# **Create a Technology Type Column for FERC Steam Table**
---------------

## Setup

In [1]:
%load_ext autoreload
%autoreload 2

In [241]:
# Standard libraries
import logging
import sys
import os
import pathlib
import random

# 3rd party libraries
import geopandas as gpd
import dask.dataframe as dd
from dask.distributed import Client
import matplotlib.pyplot as plt
import matplotlib as mpl
import numpy as np
import pandas as pd
import seaborn as sns
import sqlalchemy as sa
#import pickle

# Local libraries
import pudl
from pudl.analysis.fill_ferc1_fuel_gaps import *
from pudl.analysis.flag_ferc1_totals import *

# Enable viewing of logging outputs
logger=logging.getLogger()
logger.setLevel(logging.INFO)
handler = logging.StreamHandler(stream=sys.stdout)
formatter = logging.Formatter('%(message)s')
handler.setFormatter(formatter)
logger.handlers = [handler]

# Display settings
sns.set()
%matplotlib inline
mpl.rcParams['figure.dpi'] = 75
pd.options.display.max_columns = 100
pd.options.display.max_rows = 100

In [3]:
# Establish connection to pudl database
pudl_settings = pudl.workspace.setup.get_defaults()
pudl_engine = sa.create_engine(pudl_settings['pudl_db'])
pudl_out = pudl.output.pudltabl.PudlTabl(
    pudl_engine=pudl_engine,
    freq='AS'
)

In [4]:
value_cols_no_cap = [
    'net_generation_mwh','avg_num_employees',
    'capex_land', 'capex_equipment', 'capex_structures', 'capex_total', 'asset_retirement_cost',
    'opex_operations', 'opex_fuel', 'opex_coolants', 'opex_steam', 'opex_steam_other', 'opex_transfer', 
    'opex_electric', 'opex_misc_power', 'opex_rents', 'opex_allowances', 'opex_engineering', 'opex_structures', 
    'opex_boiler', 'opex_plants', 'opex_misc_steam', 'opex_production_total'
]

value_cols = value_cols_no_cap + ['capacity_mw']

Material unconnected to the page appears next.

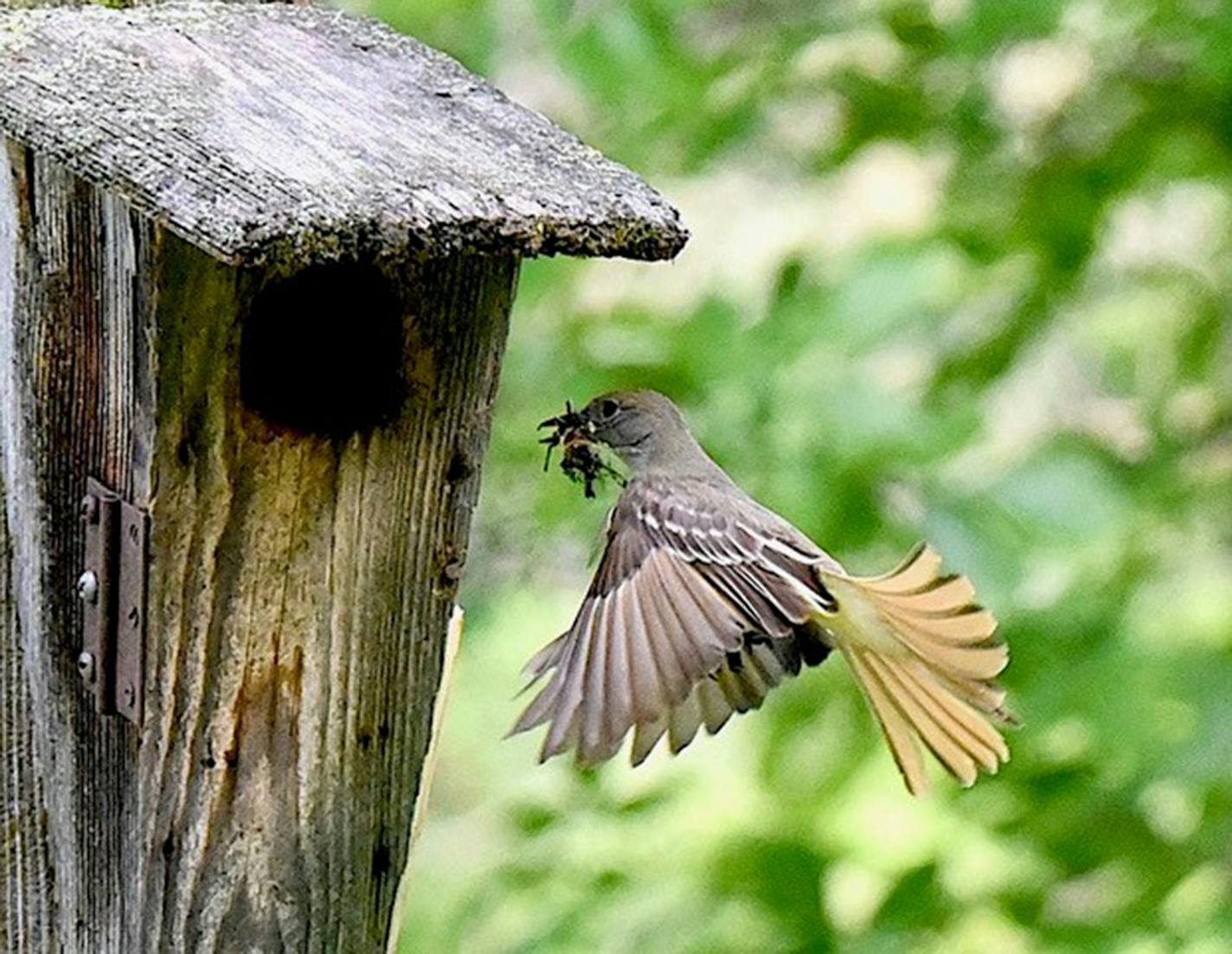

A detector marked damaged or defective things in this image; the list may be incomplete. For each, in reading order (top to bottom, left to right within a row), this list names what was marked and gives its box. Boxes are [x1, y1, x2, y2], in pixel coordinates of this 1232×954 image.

test_view = ['report_year', 'utility_name_ferc1', 'plant_name_ferc1', 'plant_id_pudl', 
             'plant_id_ferc1', 'primary_fuel', 'plant_type', 
             'tech_desc', 'tech_desc_flag','record_id', 'capacity_mw']

total_view = test_view + ['total_type']

ferc_merge_cols = ['report_year', 'utility_id_ferc1', 'plant_name_ferc1']
eia_merge_cols = ['report_date', 'plant_id_pudl', 'generator_id']

In [5]:
# Establish table connections
steam = pudl_out.plants_steam_ferc1().assign(primary_fuel=np.nan)
fbp = pudl_out.fbp_ferc1()
fbp_small = fbp[ferc_merge_cols + ['primary_fuel_by_mmbtu']] #, 'primary_fuel_by_cost']]
eia = pudl_out.gens_eia860()#.assign(report_year=lambda x: x.report_date.dt.year)
small_plants = pudl_out.plants_small_ferc1()#.dropna(subset=['plant_name_ferc1'])
eia_one_plant = eia[eia['plant_name_eia'].notna()].drop_duplicates(subset='plant_name_eia').reset_index()
small_plants_one_plant = small_plants[small_plants['plant_name_ferc1'].notna()].drop_duplicates(subset='plant_name_ferc1').reset_index()
fuel = pudl_out.fuel_ferc1()

## **1. Generate Tech Descriptions**

In [172]:
# Add fuel type and update plant type field in FERC
fuel_plant_df = (
    steam.pipe(impute_fuel_type, pudl_out)
    .pipe(impute_plant_type)
)

**** ADDING FUEL TYPES ****
filling fuels with obvious names
26496 / 28518 rows left unfilled
filling in primary fuel by mmbtu
3429 / 28518 rows left unfilled
filling in eia plants with one reported fuel
2193 / 28521 rows left unfilled
filling in primary fuel by cost
1940 / 28521 rows left unfilled
filling in raw ferc1 fuels
1788 / 28521 rows left unfilled
filling in ferc plants with one fuel
1058 / 28521 rows left unfilled
filling in pudl plants with one fuel
959 / 28521 rows left unfilled
filling in manually mapped fuels
870 / 28521 rows left unfilled
front and backfilling values with the same ferc1 id
645 / 28521 rows left unfilled
flipping single fuel outliers for plant_id_ferc1
645 / 28521 rows left unfilled
flipping multiple fuel outliers for groups under 7
645 / 28521 rows left unfilled
**** ADDING PLANT TYPES ****
filling plants with obvious names
783 / 28521 rows left unfilled
filling in manually mapped plant types


In [173]:
# Merge EIA technology description with FERC
tech_df = impute_tech_desc(fuel_plant_df, eia)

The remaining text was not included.